* EXERCISE DETAILS: Skip pictures in the listing below; copy exactly the lines from the one with "White Cotton leggings 3" through the one with "Escada Santorini Sunrise", inclusive.

* ENTRIES PROVIDED:
___

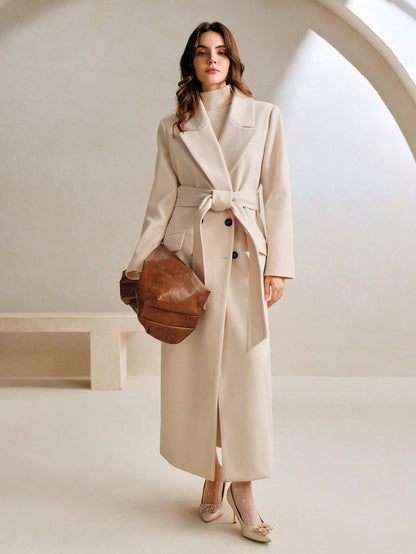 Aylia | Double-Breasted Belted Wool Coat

___

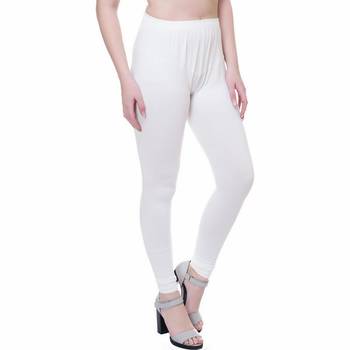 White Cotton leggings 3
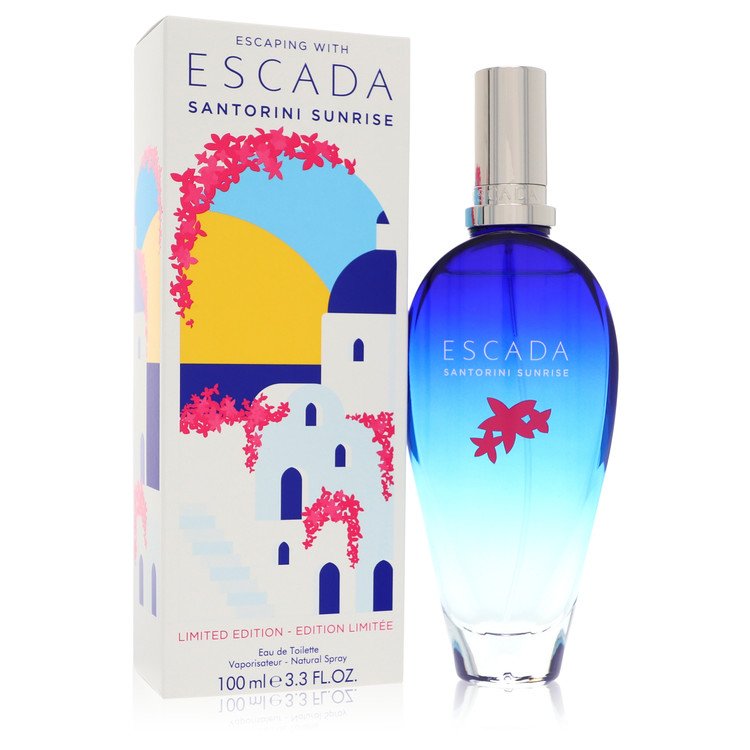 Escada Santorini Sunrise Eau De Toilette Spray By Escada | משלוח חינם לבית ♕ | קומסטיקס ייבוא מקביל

___

* RESULT OF THE TASK:
 White Cotton leggings 3
 Escada Santorini Sunrise Eau De Toilette Spray By Escada | משלוח חינם לבית ♕ | קומסטיקס ייבוא מקביל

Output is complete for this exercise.